§ **Your objective**: Look through the data below and extract, unchanged, the lines from the one that contains "Herbruikbare silicone deksels" to the one that contains "Hero Illustration: Shopify", both included.

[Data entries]
▶
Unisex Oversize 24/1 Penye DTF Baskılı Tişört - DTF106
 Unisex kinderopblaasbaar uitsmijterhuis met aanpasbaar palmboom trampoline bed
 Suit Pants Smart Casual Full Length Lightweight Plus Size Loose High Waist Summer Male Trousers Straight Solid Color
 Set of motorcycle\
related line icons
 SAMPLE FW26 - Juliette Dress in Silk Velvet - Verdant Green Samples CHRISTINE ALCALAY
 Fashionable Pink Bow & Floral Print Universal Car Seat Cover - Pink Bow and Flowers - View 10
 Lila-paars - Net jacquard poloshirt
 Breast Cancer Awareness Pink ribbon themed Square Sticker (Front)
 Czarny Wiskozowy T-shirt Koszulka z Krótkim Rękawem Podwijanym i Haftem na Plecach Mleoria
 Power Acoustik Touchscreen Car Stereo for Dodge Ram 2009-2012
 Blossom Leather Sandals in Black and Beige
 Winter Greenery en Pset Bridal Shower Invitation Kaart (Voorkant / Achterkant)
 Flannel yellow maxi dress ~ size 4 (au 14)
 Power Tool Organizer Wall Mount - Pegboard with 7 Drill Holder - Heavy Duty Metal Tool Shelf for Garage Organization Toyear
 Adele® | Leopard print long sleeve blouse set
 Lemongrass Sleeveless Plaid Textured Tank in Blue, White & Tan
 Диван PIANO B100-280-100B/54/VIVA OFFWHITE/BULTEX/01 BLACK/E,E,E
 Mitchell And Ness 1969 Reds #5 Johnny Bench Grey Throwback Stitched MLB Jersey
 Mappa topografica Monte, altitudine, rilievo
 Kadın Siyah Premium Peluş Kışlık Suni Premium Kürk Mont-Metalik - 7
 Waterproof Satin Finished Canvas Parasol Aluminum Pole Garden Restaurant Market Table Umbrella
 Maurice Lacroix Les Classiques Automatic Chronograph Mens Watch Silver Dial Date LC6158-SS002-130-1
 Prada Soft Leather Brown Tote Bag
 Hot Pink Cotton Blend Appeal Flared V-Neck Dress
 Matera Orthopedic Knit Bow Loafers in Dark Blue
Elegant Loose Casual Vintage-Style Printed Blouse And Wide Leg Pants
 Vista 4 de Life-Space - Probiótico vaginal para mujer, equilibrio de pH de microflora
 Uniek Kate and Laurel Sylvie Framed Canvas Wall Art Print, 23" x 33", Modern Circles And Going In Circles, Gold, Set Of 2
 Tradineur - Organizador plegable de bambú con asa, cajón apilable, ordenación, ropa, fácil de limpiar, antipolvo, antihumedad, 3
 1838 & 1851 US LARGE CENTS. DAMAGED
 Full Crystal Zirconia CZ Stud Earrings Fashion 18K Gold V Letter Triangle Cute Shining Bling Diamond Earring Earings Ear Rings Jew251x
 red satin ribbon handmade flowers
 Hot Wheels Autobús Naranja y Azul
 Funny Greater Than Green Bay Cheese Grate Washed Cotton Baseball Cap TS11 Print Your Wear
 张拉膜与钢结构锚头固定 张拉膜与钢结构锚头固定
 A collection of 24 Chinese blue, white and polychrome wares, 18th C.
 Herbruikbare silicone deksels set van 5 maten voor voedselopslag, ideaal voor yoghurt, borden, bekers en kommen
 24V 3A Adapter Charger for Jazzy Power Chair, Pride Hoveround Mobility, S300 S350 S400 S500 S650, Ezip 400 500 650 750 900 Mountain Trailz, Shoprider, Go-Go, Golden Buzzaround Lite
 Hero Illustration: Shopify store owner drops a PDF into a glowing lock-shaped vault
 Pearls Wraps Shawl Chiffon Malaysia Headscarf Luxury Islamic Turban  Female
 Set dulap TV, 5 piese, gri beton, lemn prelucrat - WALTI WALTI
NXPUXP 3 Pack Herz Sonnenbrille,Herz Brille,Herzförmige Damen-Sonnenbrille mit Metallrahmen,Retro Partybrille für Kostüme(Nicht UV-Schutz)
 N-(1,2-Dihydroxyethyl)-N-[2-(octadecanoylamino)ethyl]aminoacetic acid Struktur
◀
§ **Result**:
 Herbruikbare silicone deksels set van 5 maten voor voedselopslag, ideaal voor yoghurt, borden, bekers en kommen
 24V 3A Adapter Charger for Jazzy Power Chair, Pride Hoveround Mobility, S300 S350 S400 S500 S650, Ezip 400 500 650 750 900 Mountain Trailz, Shoprider, Go-Go, Golden Buzzaround Lite
 Hero Illustration: Shopify store owner drops a PDF into a glowing lock-shaped vault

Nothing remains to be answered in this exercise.